Miércoles, 21 de febrero de 2007 | Hoy
DEPORTES › OPINION
Por Pablo Vignone
Los profetas del resultadismo, a quienes a esta altura no hace falta desenmascarar, se preguntan con insidia si al entrenador de Boca, Miguel Russo, no le estará sucediendo lo mismo que a su antecesor en el cargo, Ricardo La Volpe. Es decir, que los jugadores le manejen el vestuario y le impidan desarrollar su tarea a voluntad. Todo porque Boca, que había logrado la victoria en la primera fecha del Clausura, sólo empató (aunque bien pudo haber perdido, dado el desarrollo del encuentro) en la segunda.
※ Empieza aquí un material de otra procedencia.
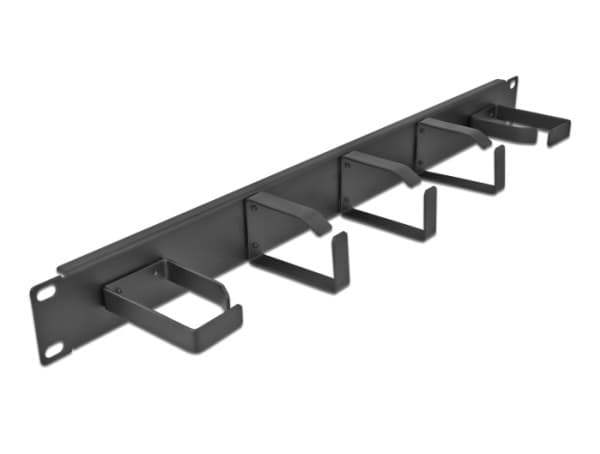 Delock - Panel for kabelhåndtering - med 5 metallkroker (2 x horisontal, 3 x vertikal) - skapmonterbar - svart - 1U - 19"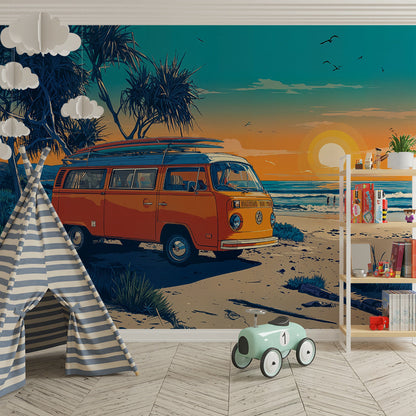 Kids-Mundo campervan wall mural covering a kids bedroom wall behind a bed and shelving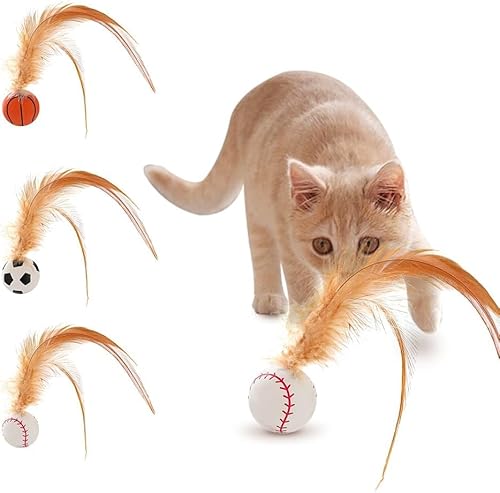 BOSSETY Interaktives katzenspielzeug, 3Pcs Katzenball mit Feder, Hohe Elastizität und zufällige Sprünge, EIN klassischer Look, der Football, Basketball und Baseball vereint,für Bewegung BOSSETY Interaktives katzenspielzeug, 3Pcs Katzenball mit Feder, Hohe Elastizität und zufällige Sprünge, EIN klassischer Look, der Football, Basketball und Baseball vereint,für Bewegung von BOSSETY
La insidiosa sugerencia está vinculada con la arquitectura de relacionismo público y privado que presuntamente La Volpe en su momento (¿y Russo ahora?) debió trazar para convivir con los pesos pesado de un plantel aburguesado en el éxito, con el que compartió recurrentemente la responsabilidad de decidir las identidades de los once titulares, ejercicio que parecería estar en los cálculos de Russo, en función de los “incidentes” que el entrenador estaría protagonizando con los históricos del plantel, como Barros Schelotto (al que le prometió papel de enganche para luego sacrificarlo por un juvenil como Banega), Ibarra (molesto porque lo cambió en el entretiempo del partido con Central) o Palermo (que está dejándole a menudo su lugar a Marioni en los complementos).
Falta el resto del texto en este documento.